● **Data extract**

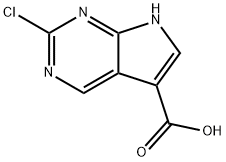 2-클로로-7H-피롤로[2,3-d]피리미딘-5-카르복실산 구조식 이미지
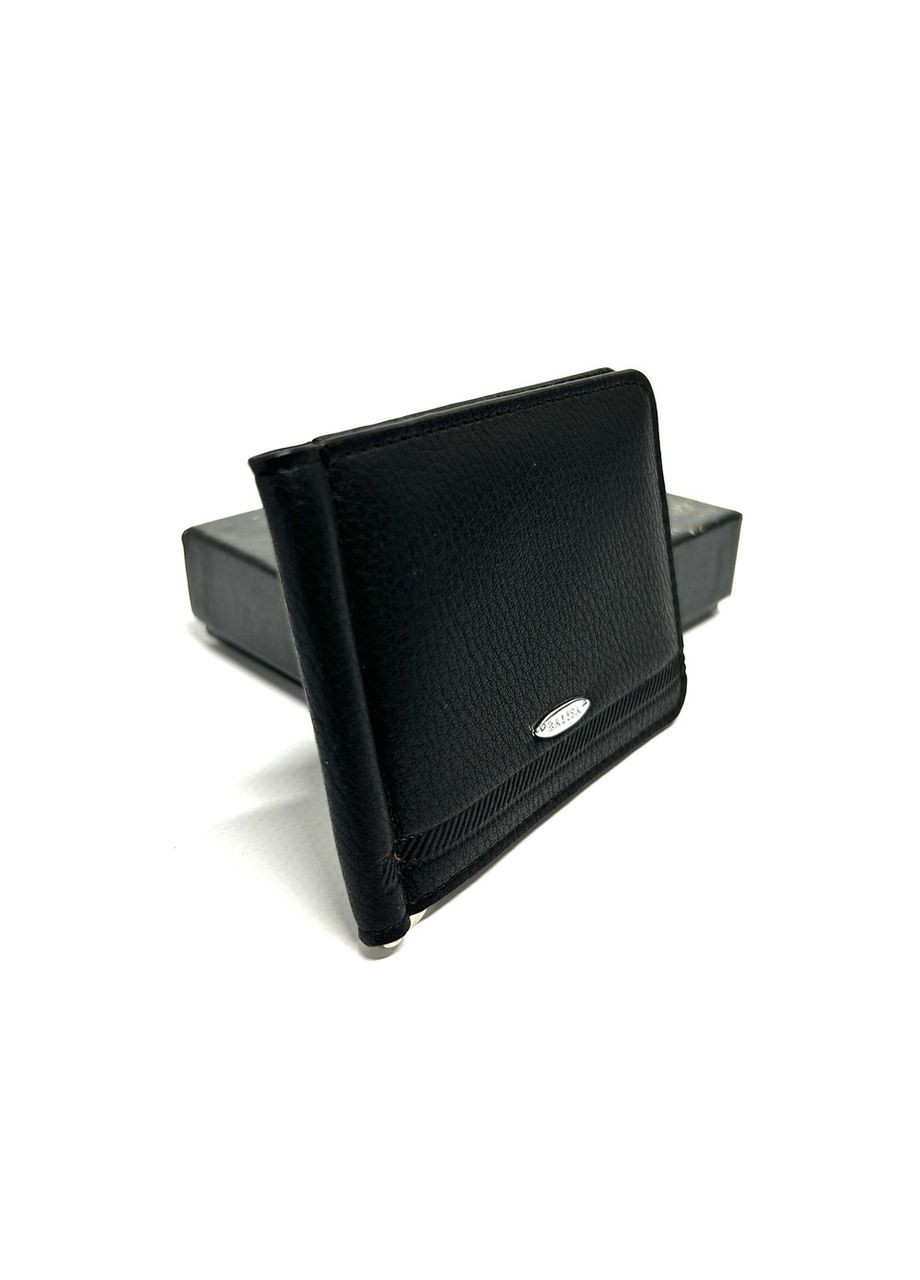 Чоловічий затискач з натуральної шкіри A73-1018-1 чорний 11 х 8 х 1 Balisa (367263841)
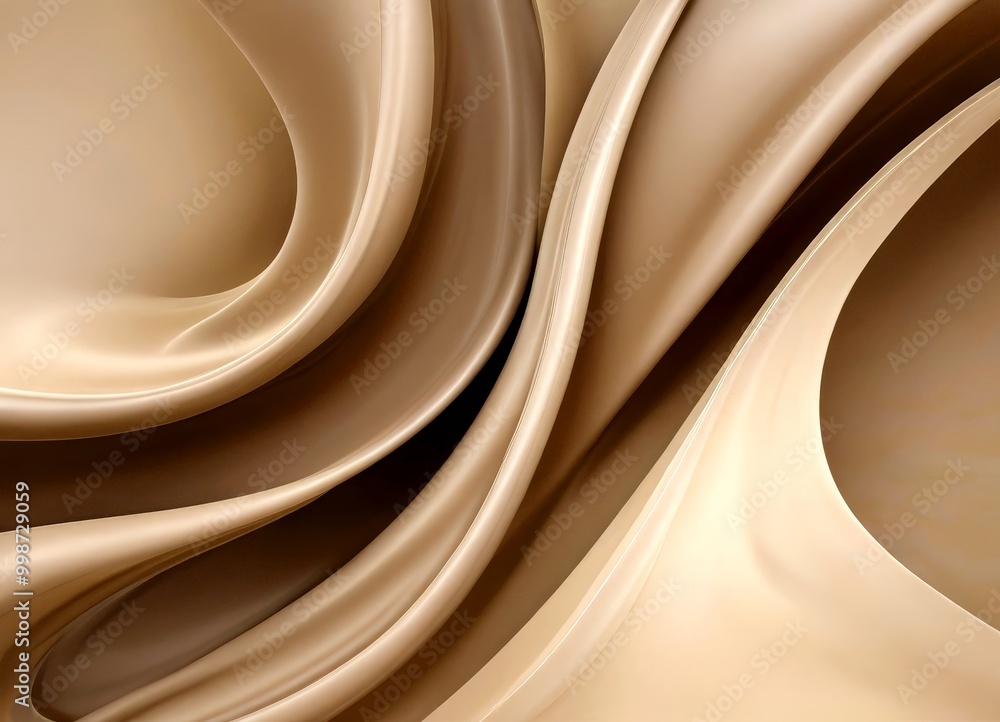 Poster a close-up view flowing, abstract fabric with a beige and brown color palette the fabric exhibits a 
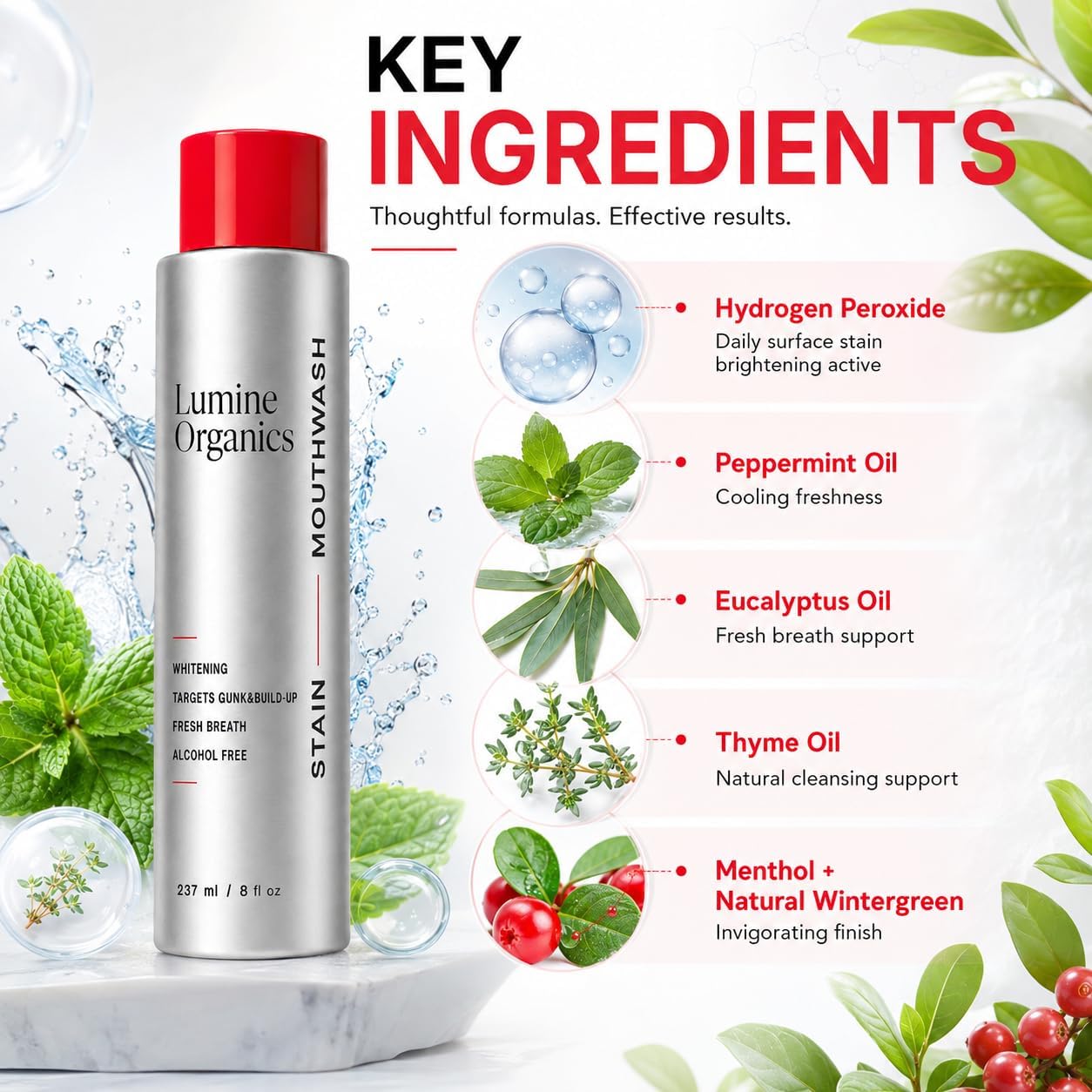 Wonderfeel Younger persona enjuagando 20 mL para una rutina bucal rápida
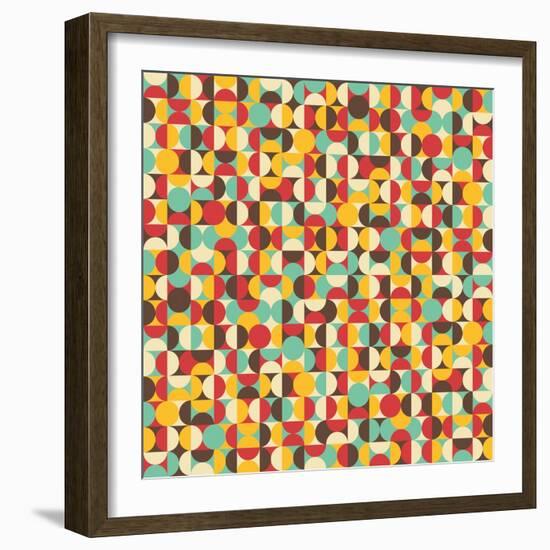 Retro Seamless Pattern With Circles-panova-Framed Premium Giclee Print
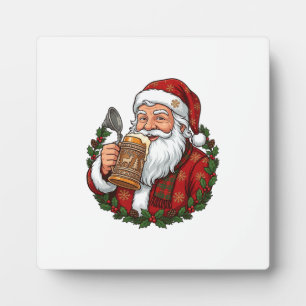 Plaque Photo Père Noël de Noël tenant un verre de bière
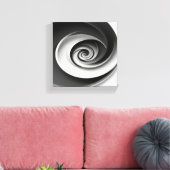 Elegant zwart-wit spiraal abstract ontwerp,  canvas afdruk (Insitu (Woonkamer))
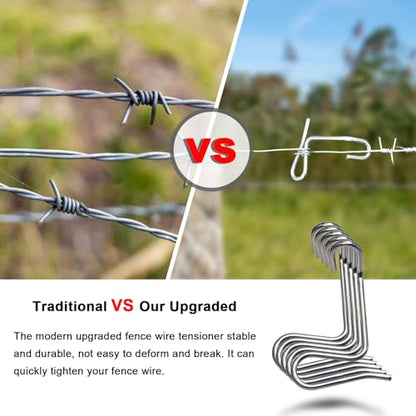 60Pcs 6mm Fence Wire Tightener with Tighteners Handle | 6mm Stainless Steel Barb Wire Fence Tightener Tools 1/4" Fence Wire Tensioning Tool for Wire Fence Farm Garden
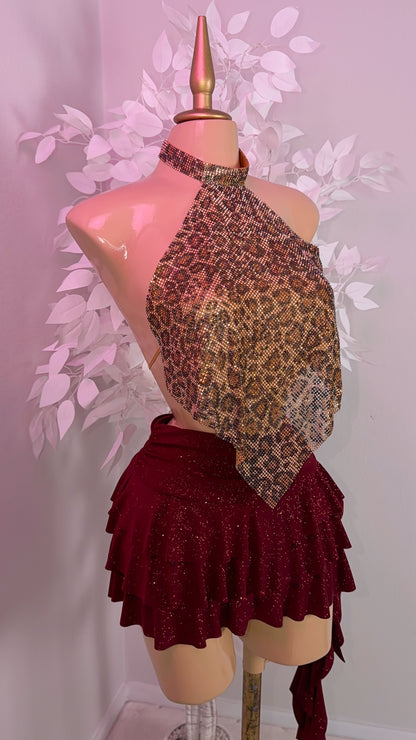 Fantasy Rhinestone Top - Leopard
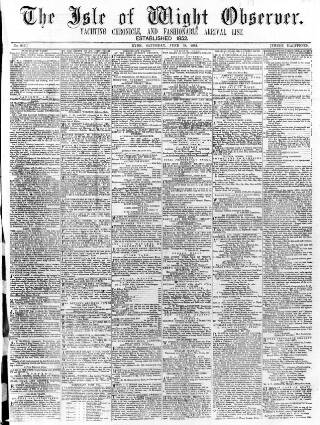 cover page of Isle of Wight Observer published on June 18, 1864
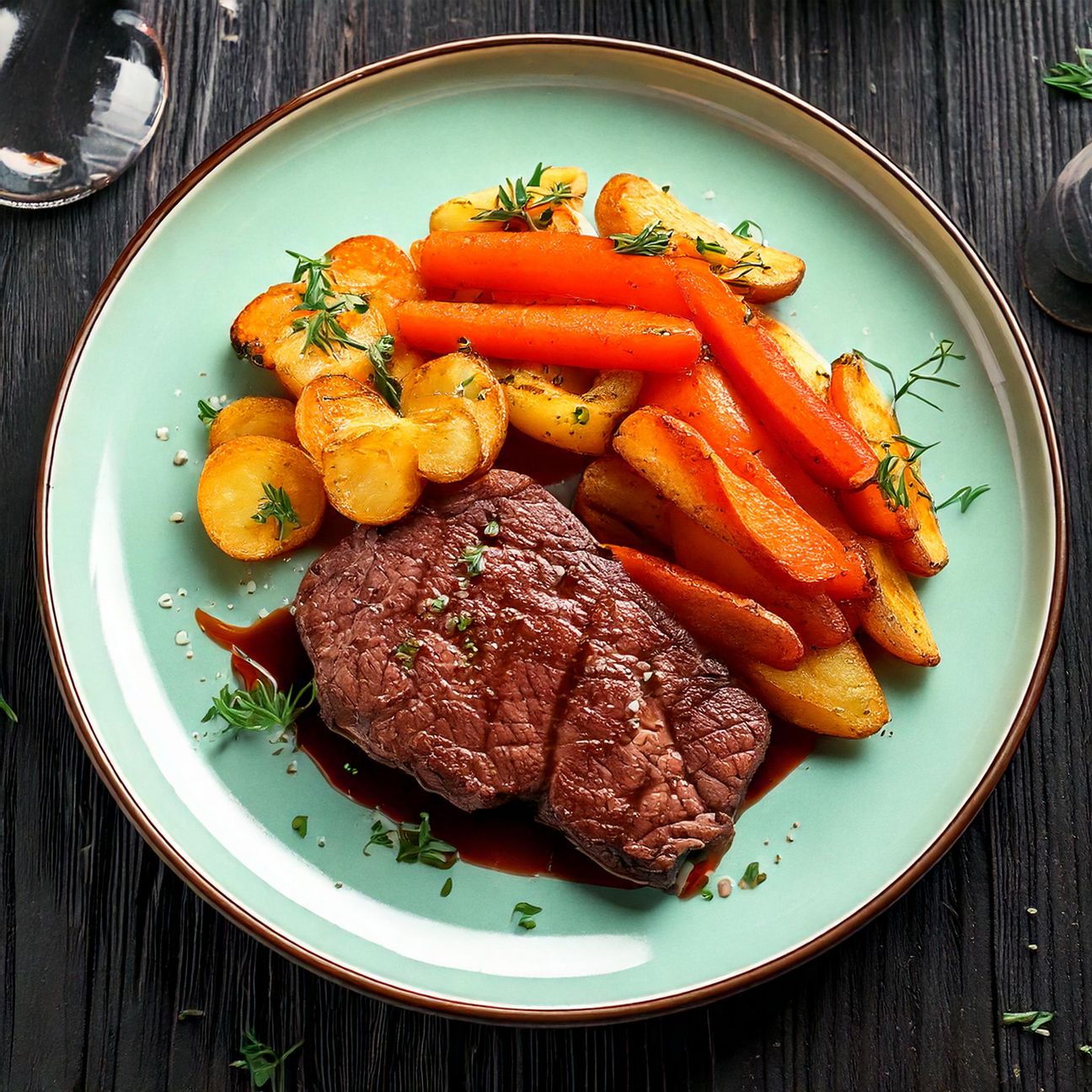Filetto di manzo con carote e patate arrosto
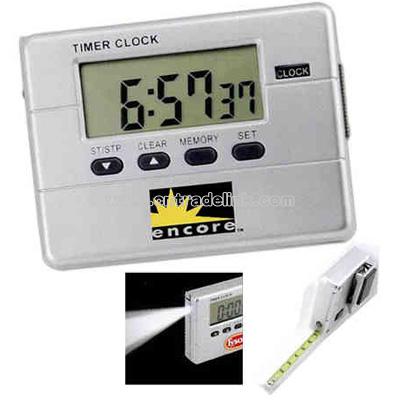 Multi function countdown timer with stop watch, clock, light and tape measure.
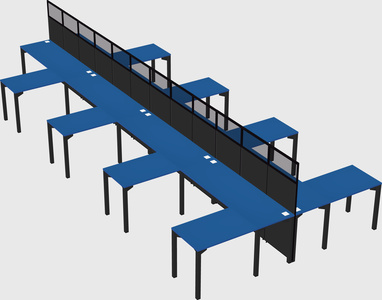 Shared l-shape cubicle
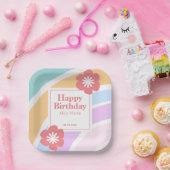 シンプルパステルモダンレインボーフラワー誕生日 ペーパープレート (パーティー)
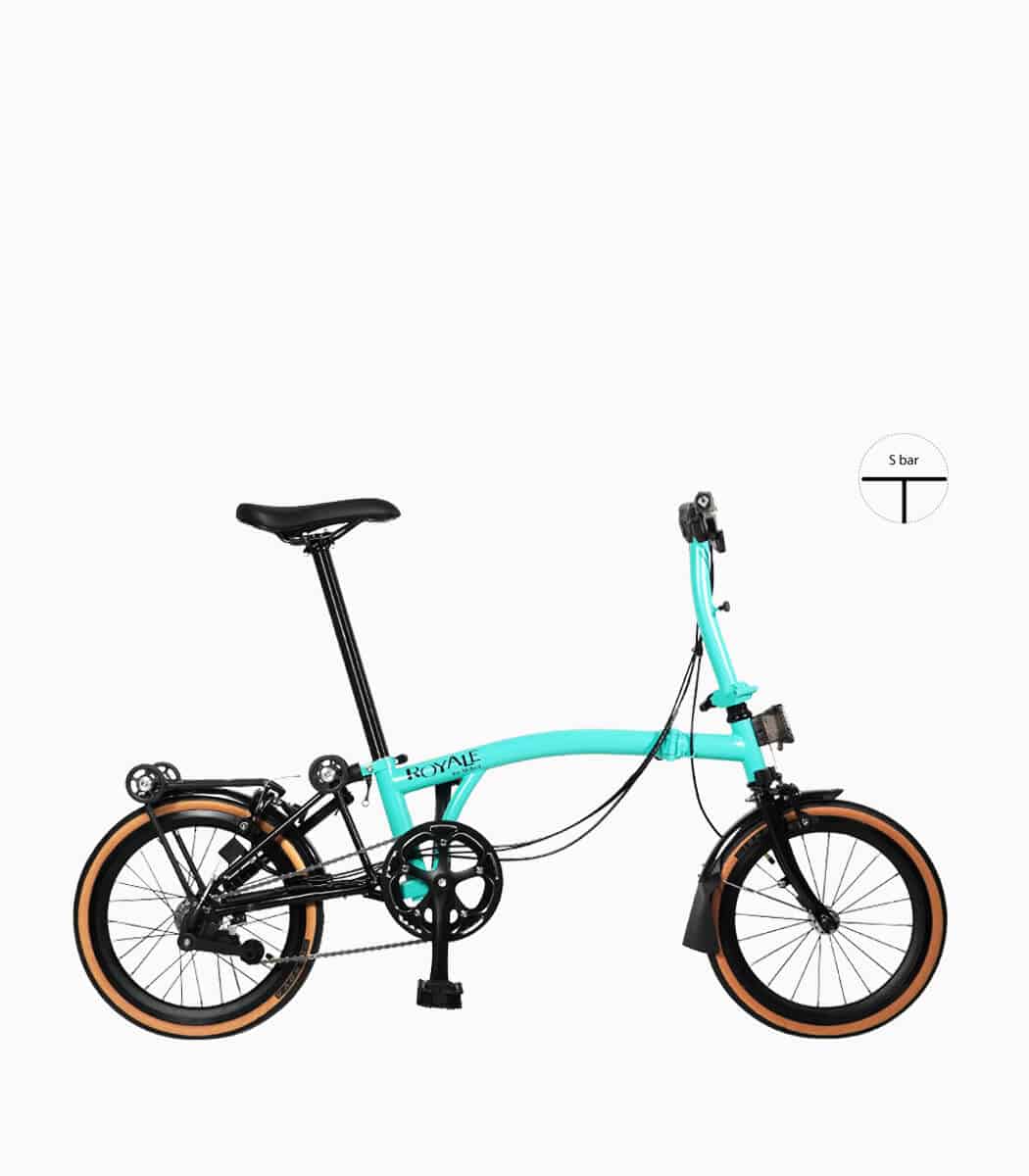 MOBOT ROYALE S6 (TIFFANY BLUE) foldable bicycle S-bar with tanwall tyres high profile rim right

● **Exercise objective**
Please set down, word for word, the lines starting at the line that holds "Elegant zwart-wit spiraal" and running to the end of the listing, with no pictures.

● **Output**
 Elegant zwart-wit spiraal abstract ontwerp,  canvas afdruk (Insitu (Woonkamer))
 60Pcs 6mm Fence Wire Tightener with Tighteners Handle | 6mm Stainless Steel Barb Wire Fence Tightener Tools 1/4" Fence Wire Tensioning Tool for Wire Fence Farm Garden
 Fantasy Rhinestone Top - Leopard
 cover page of Isle of Wight Observer published on June 18, 1864
Filetto di manzo con carote e patate arrosto
 Multi function countdown timer with stop watch, clock, light and tape measure.
 Shared l-shape cubicle
 シンプルパステルモダンレインボーフラワー誕生日 ペーパープレート (パーティー)
 MOBOT ROYALE S6 (TIFFANY BLUE) foldable bicycle S-bar with tanwall tyres high profile rim right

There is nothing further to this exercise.